- [EXERCISE PROMPT] Your output should consist solely of the lines from the one holding "Diamond Wire Saw" to the end of the records below, inclusive, reproduced exactly and free of pictures.

- [RECORDS TO USE]
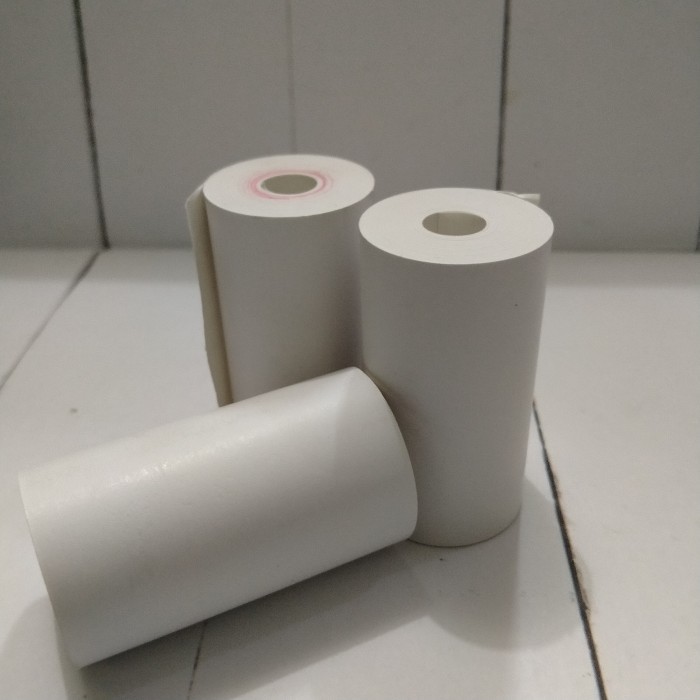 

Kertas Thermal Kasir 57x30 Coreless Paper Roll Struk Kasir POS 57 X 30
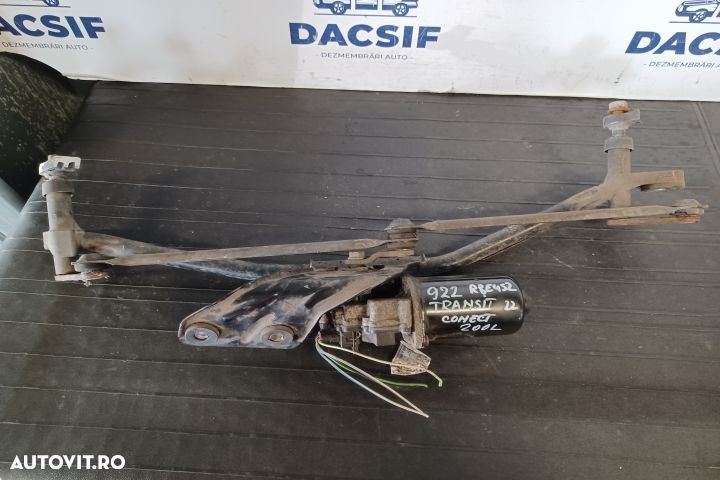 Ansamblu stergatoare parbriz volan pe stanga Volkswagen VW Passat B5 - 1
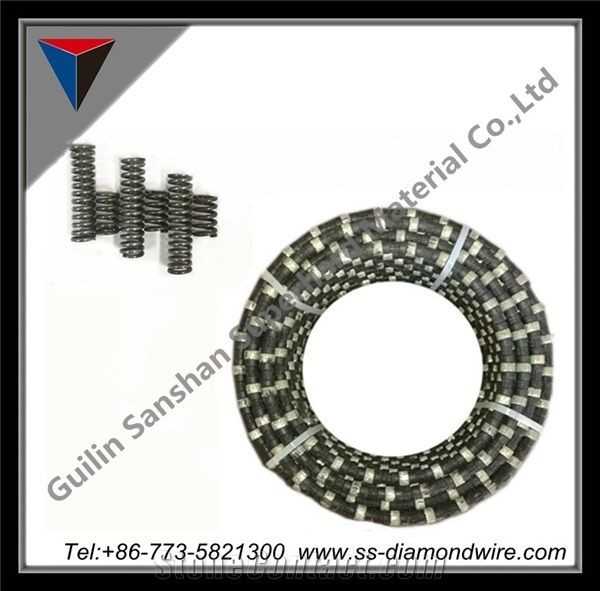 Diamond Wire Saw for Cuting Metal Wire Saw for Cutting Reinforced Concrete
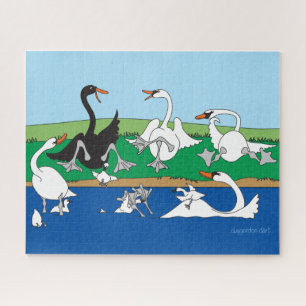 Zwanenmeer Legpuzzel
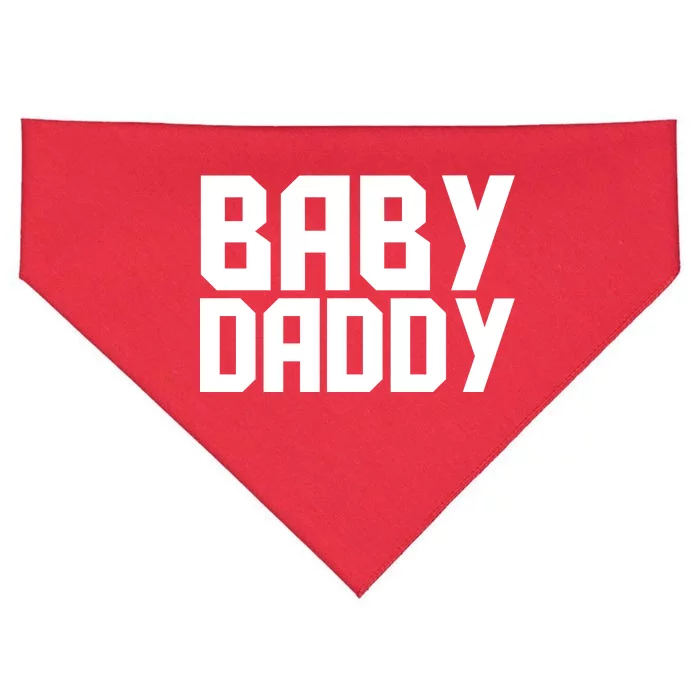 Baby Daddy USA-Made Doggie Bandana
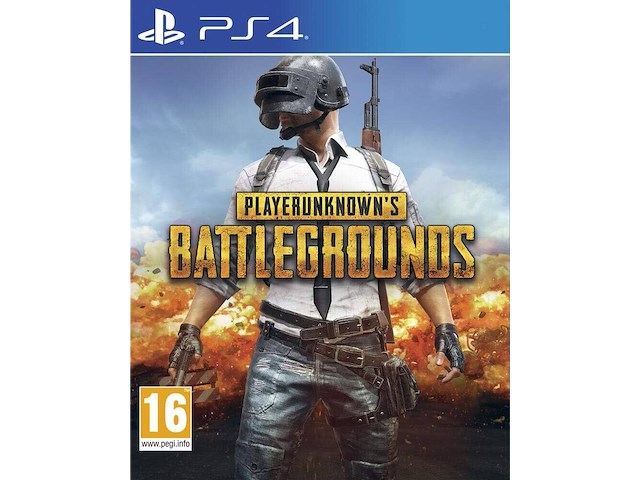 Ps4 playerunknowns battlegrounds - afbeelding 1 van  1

- [RESULT FOR THIS TASK]
 Diamond Wire Saw for Cuting Metal Wire Saw for Cutting Reinforced Concrete
 Zwanenmeer Legpuzzel
 Baby Daddy USA-Made Doggie Bandana
 Ps4 playerunknowns battlegrounds - afbeelding 1 van  1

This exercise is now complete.